USDA’s Animal and Plant Health Inspection Service (APHIS) is proposing to amend animal disease traceability regulations and require electronic identification for the interstate movement of certain cattle and bison.

The change will permit official USDA tags as those that are both visually and electronically readable.

APHIS is also proposing to revise and clarify record requirements to strengthen the Nation’s ability to quickly respond to significant animal disease outbreaks.

Major animal disease outbreaks hurt ranchers and farmers and all those who support them along the supply chain, threaten food security, and impact the ability to trade America’s high-quality food products around the world.

Rapid traceability in a disease outbreak could help ranchers and farmers get back to selling their products more quickly; limit how long farms are quarantined; and keep more animals from getting sick. 

Interested stakeholders may view the proposed rule in today’s Federal Register at

Beginning today, members of the public may submit comments. All comments must be received by March 22, 2023. APHIS will review all comments and address them in a final rule. 

Animal disease traceability, or knowing where diseased and at-risk animals are, where they’ve been and when, is important to ensuring a rapid response when animal disease events take place., according to APHIS.

USDA is committed to implementing a modern system that tracks animals from birth to slaughter using affordable technology that allows for quick tracing of sick and exposed animals to stop disease spread.

APHIS claims it worked extensively with stakeholders on this issue and electronic identification and records for livestock movement emerged from these discussions as valuable goals for safeguarding animal health. APHIS decided to pursue these changes through notice and comment rulemaking to ensure transparency and maximize public participation in the process.

In a statement, the U.S. Cattlemen’s Association said about 89 percent of the national herd of approximately 100 million cattle and bison will not be impacted by the changes in this proposal.

The USCA reports the amendment would only apply to certain classes of cattle that are crossing state lines and meet any of the following conditions: sexually intact and 18 months of age or older; all female dairy cattle of any age and male dairy animals born after March 11, 2013; cattle and bison of any age used for rodeo or recreational events; and cattle or bison of any age used for shows or exhibitions.
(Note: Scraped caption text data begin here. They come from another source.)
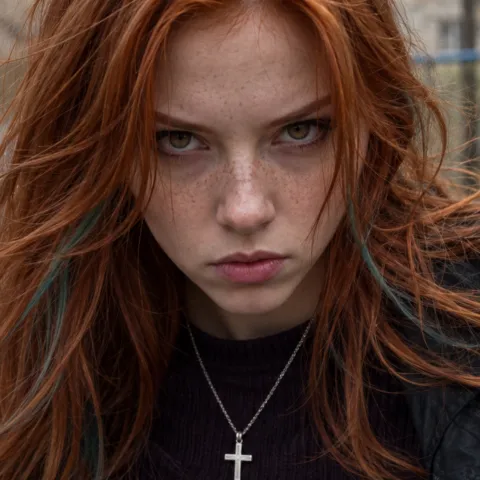Viral radio live stream track cover and dark aesthetics, copper-haired singer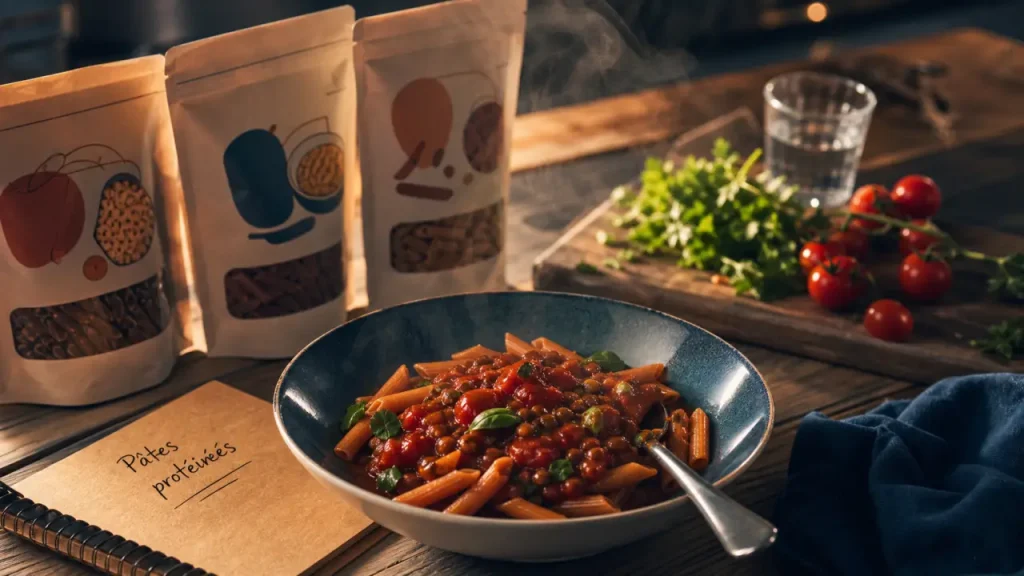 Bol de pates proteine aux lentilles, sauce tomate, sachets protéinés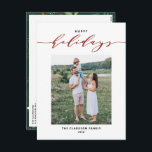 Foto av modern blandningstyp, rött Glad helg<br><div class="desc">Glad helg! Skicka Chrsemistmas önskemål till familj och vänner med det här anpassadet,  ett modernt vykort för helgdag. Den har blandad typografi med elegant och enkel typografi. Anpassa genom att lägga till namn och ett foto. Det här vykortet för calligraphy helgdag finns på andra kartonger.</div>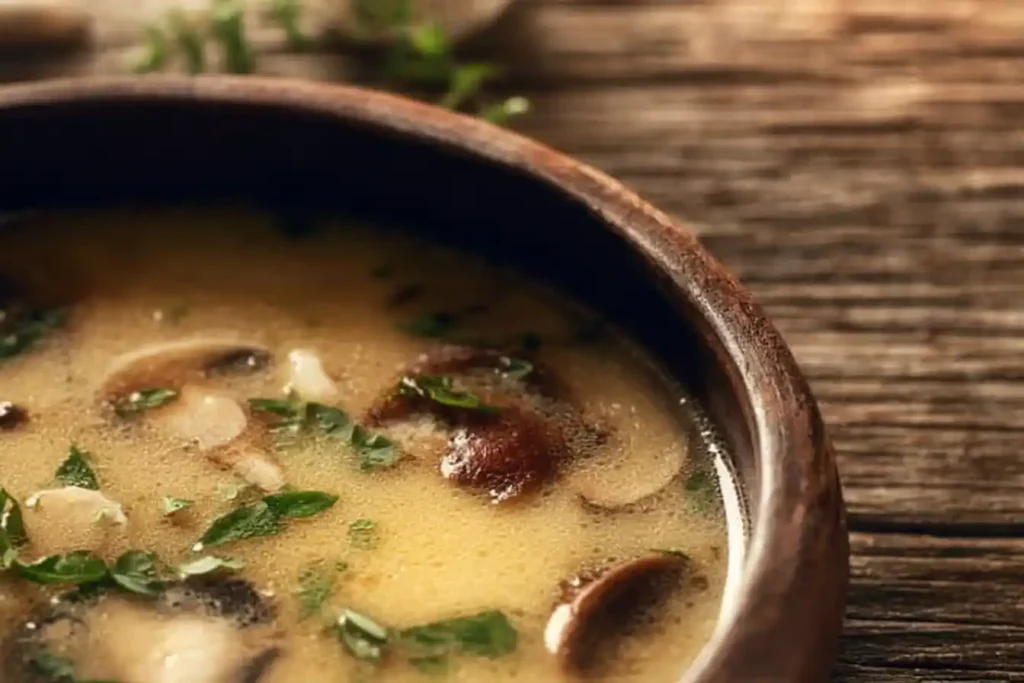 A bowl of low calorie high protein soup garnished with fresh herbs and vegetables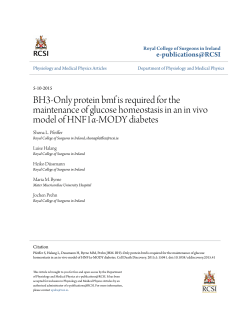 BH3-Only protein bmf is required for the maintenance of glucose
USDA will for now remain technology neutral, meaning the department will not standardize one frequency tag for use. USCA says its members understand the importance of building an animal disease traceability system that doesn’t burden producers, is effective for disease tracebacks, and maintains the confidentiality of individuals. 

It has not yet crafted its policy position and comments concerning the proposed rule to require official ear tags to be visually and electronically readable for official use for interstate movement of certain cattle and bison.

The key to protecting U.S. livestock health, producers’ livelihoods, and the U.S. economy in an animal disease outbreak is swift detection, containment, and eradication of the disease. APHIS says this proposed rule would allow USDA to do just that.